Local sources told the Yemen Times that a tribal leader went to the main gate of prison to demand that security services promptly surrender the policemen who caused the killing of a relative, but no further details could be found.
“What are the benefits of Yemen’s current revolution if it couldn’t manage to obtain the release of those prisoners held,” Mohammed Salah, an activist at Dhamar’s Change Square, said.
“They should share in the Yemeni people’s celebration of the departure of outgoing President Ali Abdullah Saleh and they should be dealt with in the same way as Rada’a’s prisoners.”
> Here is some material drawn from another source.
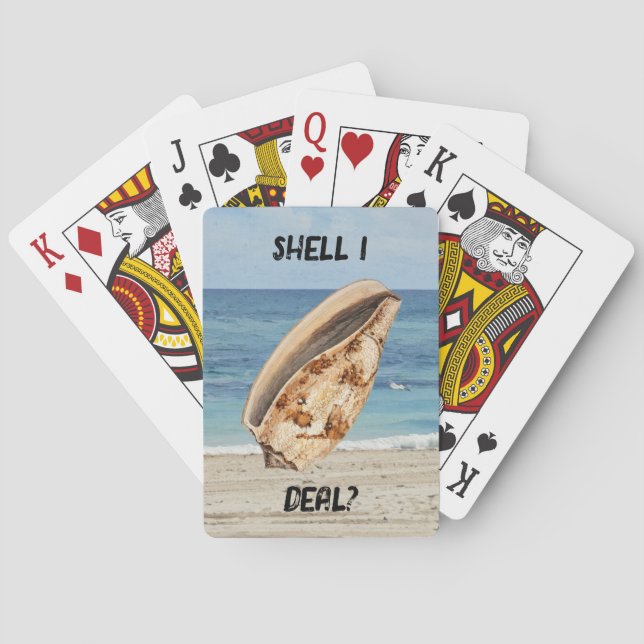 Fun Beach and Shell Poker or Game Night Cards (Back)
Prisoners in Rada’a – a town that was taken over by Al-Qaeda last month – were released when Al-Qaeda militants stormed the city’s central prison.
Abdullah Al-Mashraqi, 4, said the prisoners were very glad when revolution broke out in Yemen, maintaining the hope that they would be released as happened in Egypt and other Arab which the Arab Spring swept through.
Policemen from Dhamar’s Central Prison foiled two escape attempts last December when four prisoners were wounded when policemen used live ammunition on prisoners.
The prisoner who had been convicted of planning to assassinate Assistant Deputy Governor of Dhamar, Abdul-Karim Daafan last December successfully escaped from the same prison last week.